Imagine a scratch ticket lottery game with the following prizes.
Value Number of Tickets
$100 4
$10 40
$1 100
$0 846
If I buy 10 tickets, what range can I expect the sum of the values of those 10 tickets to be within 66% of the time. What about 95% of the time?
I'm trying to learn the math behind the "Expected Results" table of the following image. https://www.blackjackapprenticeship.com/wp-content/uploads/2017/05/picture-2.png
That image says that if you play 500 hands of the specified strategy, you can expect to be -\$2,776 or +\$3,530 66% of the time. How does it figure that? What is the function to determine that?
Thanks!
The example picture of a blackjack simulation doesn't really apply to lottery games. Results of hands of blackjack are close to normally distributed. Lottery games are usually not normally distributed.

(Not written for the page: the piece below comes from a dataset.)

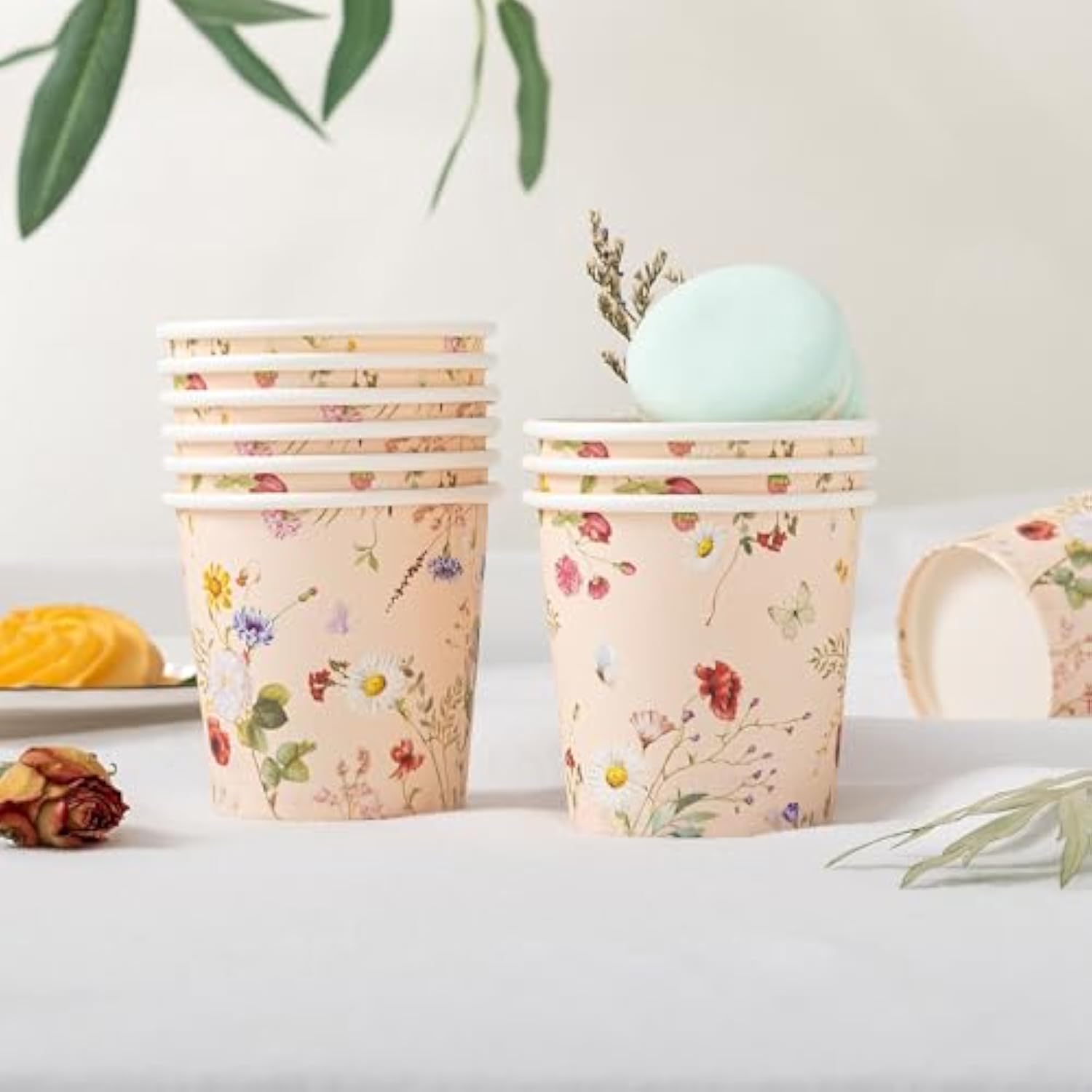 3Oz Bathroom Cups[150 Pack] Disposable Paper Dixie Cup, Elegant Vintage Floral Small Mouthwash Cups, Hot/Cold Beverage Coffee, Dessert For Birthday Parties, Home-Use, Picnics, Ceremonies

Imagine a \$1 lottery scratch off game with 9,999 \$0 prizes and a single \$10,000 prize. It doesn't make sense to think in terms of "If you buy 100 tickets, then 66% of the time you'll be between -\$100 and +\$100." (Or whatever 1 standard deviation of that game would be). That's just not useful info. Most of the time, you'll be at -\$100 and a small percentage of the time you'll be at +\$10,000.
So it's not as simple as calculating the mean and standard deviation and plugging that into the normal distribution function. The function for lottery games is a lot different and it might be best to simulate the game, create a histogram of results, and then line-fit the results using software like Python's Scikit-Learn.